I bring it up mainly for one memory. A middle aged woman in the row in front of us was holding a little wad of paper, making little additions and crossing out lines on a long piece. Intrigued, I glanced over her shoulder. It was a letter to Leonard. I caught just a few snatches, but it appeared to be catching him up on what had happened since she had seen him last. Whether that meant in person, or in concert, didn’t really matter. Cohen was, for many of us, a chronicler and companion for the various complications of adult life.
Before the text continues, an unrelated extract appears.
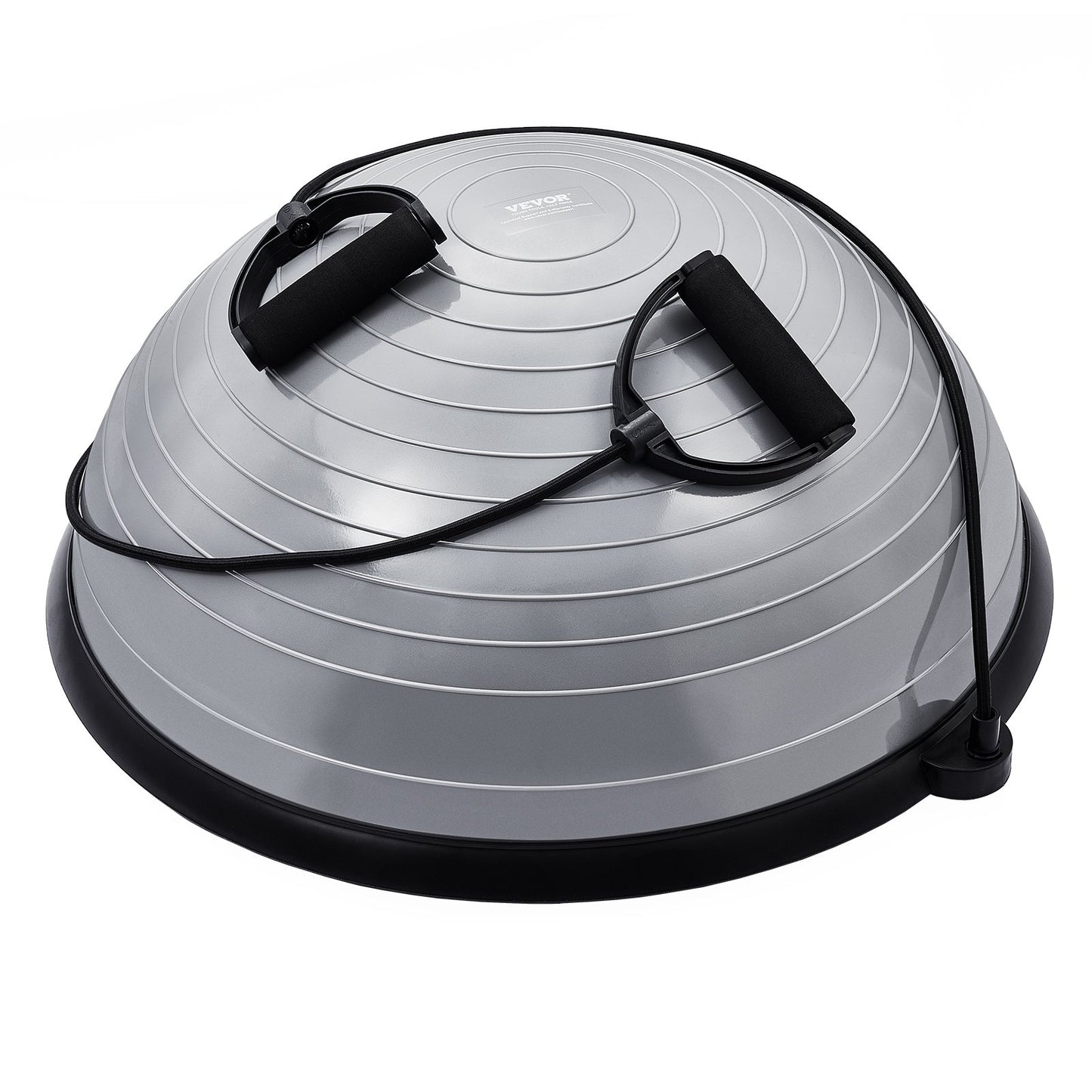 VEVOR Half Exercise Ball Trainer, 23 inch Balance Ball Trainer, 660lbs Capacity Stability Ball, Yoga Ball with Resistance Bands & Foot Pump, Strength Fitness Ball for Home Gym, Full Body Workout, Gray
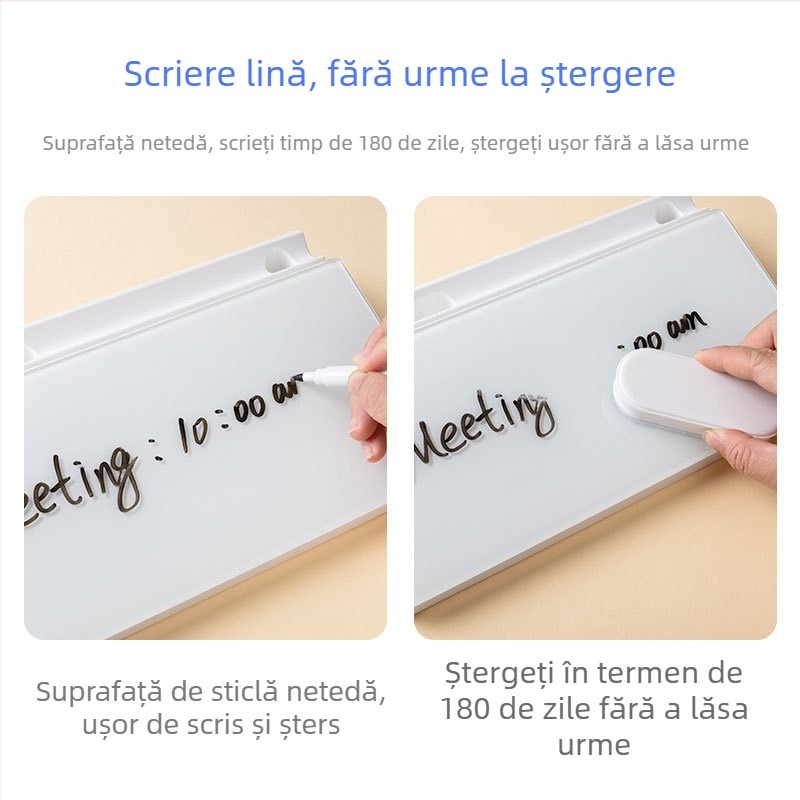 Tablă de scris din sticlă securizată pentru birou – tablă pentru notițe și mesaje, ștergătoare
His songs were correspondence from a friend, and this woman simply wanted to reply.
For all of his reputation as a purveyor of darkness and despair, self-pity is not a trait you will find in any Leonard Cohen song. You’ll find warmth, wit, sex, mortality, religion, politics, history and yes, sometimes a pure existential howl, because sometimes, Christ, we are capable of nothing else. Surely no one needs reminding of that this week. But never once did he give the impression that this made him a special case, and particularly as he got older, he looked into the void with a wry smile. He once laughingly noted that the brain cells that cause anxiety are among the first to die.
When McCartney, or Simon or Jagger or Young go (and given 2016’s record I’m not recommending they share a plane for the next month or two), I will, fairly or unfairly, return to the late sixties or early seventies to remember the pure narcotic thrill they could deliver. The first song I listened to upon hearing the news about Cohen was Treaty, a song he released 3 weeks ago. He was craftsman, so perhaps it makes sense that in his prolific final period, his work just seemed to get better. As the range of that lived in, breathy baritone narrowed to a slit, his phrasing and grasp of melody became flawless. As an 82 year-old, it felt like he still had a lot to give us.
I wonder if that woman ever got her letter to him. I hope she did.
Today, more than ever, I hope she did. For her sake, and mine, and everyone else who woke up to the feeling that they’d lost a genuine friend. Such is the dynamic with artists who make you feel as though you’re being personally addressed.